Almost all college majors take some sort of business finance, business management or accounting courses. So why is it that so many college students wind in debt to their eyeballs and do a generally poor job of managing their own finances where 62% of millennials say they live paycheck to paycheck. Perhaps it’s because of the way the data is presented to the student. The student won’t have any issue buying a new iPad app or new phone but then have trouble making the minimum payment on the Apple Card.
I’m sure all these college courses in finance have assignments where the student must create some spreadsheets showing the financial status of a fictional company. So why can’t this skill be transferred to their personal life. It would just be so easy for economics, or accounting professor to give a semester assignment. Name it the Business of Me
Have the student keep track of all outgoing expenses and incoming revenue and assets. Then have them figure out if they can stay in business with the current financial practices. Give bonus points to whichever student increased their net worth during the semester. That would be such a more educational assignment than writing a report on applying the same formulas to some fictional widget maker.
Proper management of personal finance is one of the main factors that can lift a person out of poverty and level the playing field. But a lot of students never receive this type of education either in K-12 or college. Why is this the trend? Some schools teach a portion of this in economics or some other similarly named class, but for the most part, the people I have spoken to were never taught any of these things in school.

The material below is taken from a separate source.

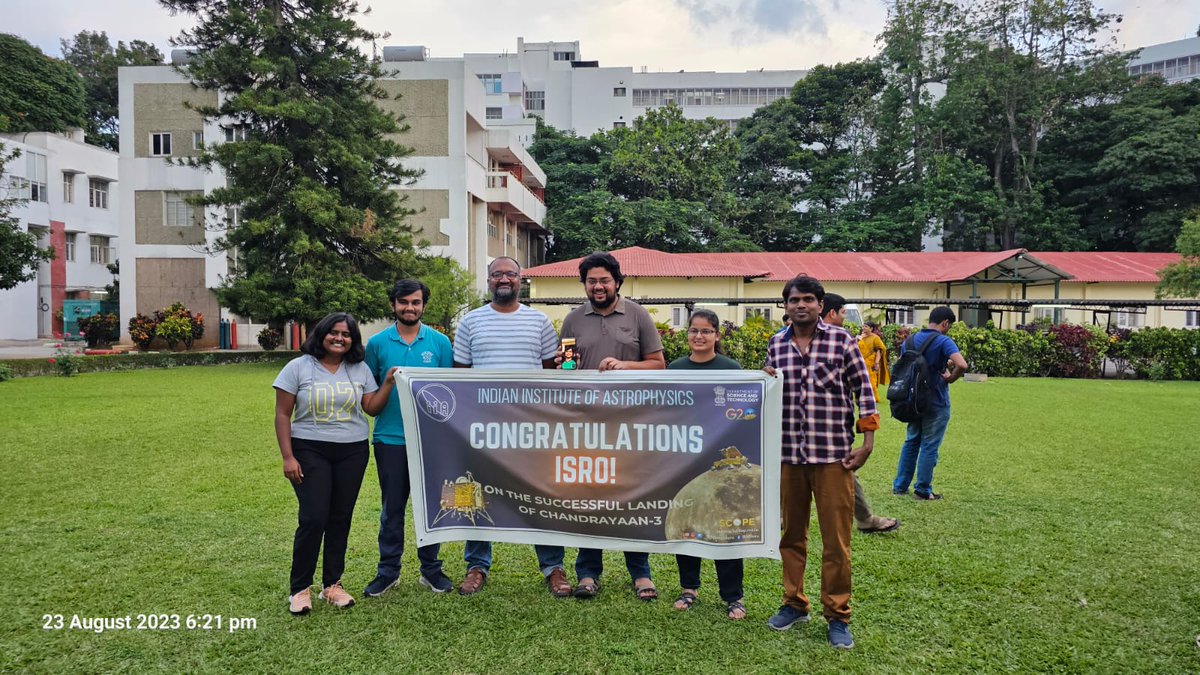 Congratulations <a href="/ISRO/">ISRO</a>!

Everyone wanted a pic with the banner 😛

<a href="/dstindia/">Dr Shashank Tiwari</a> <a href="/asipoec/">ASI Public Outreach and Education Committee</a> <a href="/fiddlingstars/">Annapurni Subramaniam</a>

This is not just about budgeting and possibly balancing a checkbook, but it should, more importantly, include the use of credit and how that can work for you or against you. Since the internet, there is a lot more information about what affects a credit score. Still, a lot of the more unfortunate kids might now even realize they need to know what affects those Fico scores from Experian, Equifax, or Transunion. They sure do not understand the ratings received from sites such as Credit Karma are Vantage scores and not used by a lot of lenders.
Student Loan Debt
The news has had a lot of people talking about the amount of student loan debt in the United States, with people owing over 1 trillion dollars. It would be safe to assume that a large portion of that student loan debt is directly related to people who left their loans in deferment way too long. As a result, the compounding interest on interest has caused the deficit to balloon over time. Most people do not realize what this is causing them down the road, but at the same time, when most get out of school, they can’t afford to start paying on this right away, so they keep on letting it defer, and the lenders keep allowing them.
If the students were taught about debt with more than just a financial aid exit interview session of an hour or two, then perhaps there would not be all this debt hanging over so many individuals.